Last week in Spain and the Canary Islands, Pope Leo XIV met migrants and the organizations that rescue, welcome and accompany them as they often arrive by boat across dangerous seas between Africa and Spain. 

The gospel, said Pope Leo, “asks us if we have recognized Christ in those who disembark, marked by fear, hunger and violence, after enduring the desert, the night and the sea.” He went on to urge governments across the world to share responsibility for what happens to migrants, to protect them from criminal traffickers and help their countries of origin to improve their economic development.



Religion can also have a negative impact on society, the researchers warn, citing women’s absence from the Afghan labor force because of Taliban thinking on the role of women, which is contributing to a stunted Afghan economy.

Today, some Christian denominations are focusing increasing attention on the environment and the future of the planet, with believers encouraged to live more simply, encourage more sustainable development and limit consumption. “This could well impact economic growth,” Becker said, and he urged them to consider if it is possible to not hinder growth but encourage a different, greener kind of economic growth.

Still, Becker is not convinced that churches have significant ethical influence today on those in power, especially when it comes to some denominations’ thinking on capitalism and its adverse effects, such as the Catholic Church. “The U.S. has a large church attendance, yet it is the most capitalist society,” he said. “There is significant tension there.”
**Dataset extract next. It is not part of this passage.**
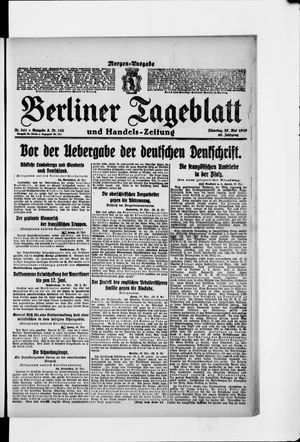 Berliner Tageblatt und Handels-Zeitung vom 27.05.1919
Back in Europe, ideas from Catholic social teaching, such as solidarity and subsidiarity, were adopted by the founders of the European Union but now function as secular constitutional principles.
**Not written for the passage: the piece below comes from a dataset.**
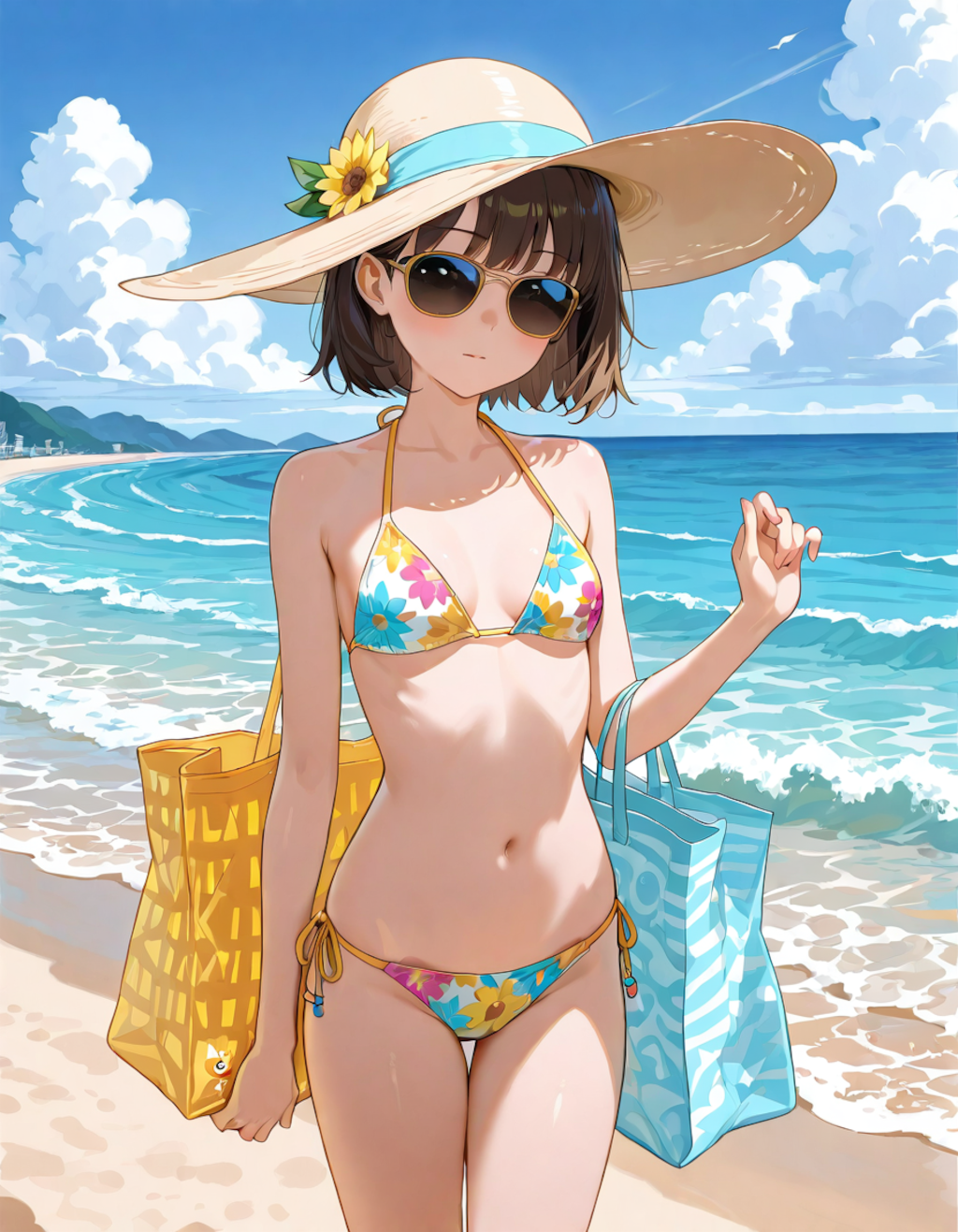 ビキニと帽子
Subsidiarity is a good example of a religiously rooted idea that has become secularized, Becker said. “In Catholic social teaching, it meant that higher authorities should support, not replace, families, communities and local associations.”

Today in the EU, subsidiarity has become a foundational legal principle, where decisions should be made locally under certain conditions. 

“So, the religious roots are part of the genealogy, but the principles now have a broader, pluralist meaning,” Becker said.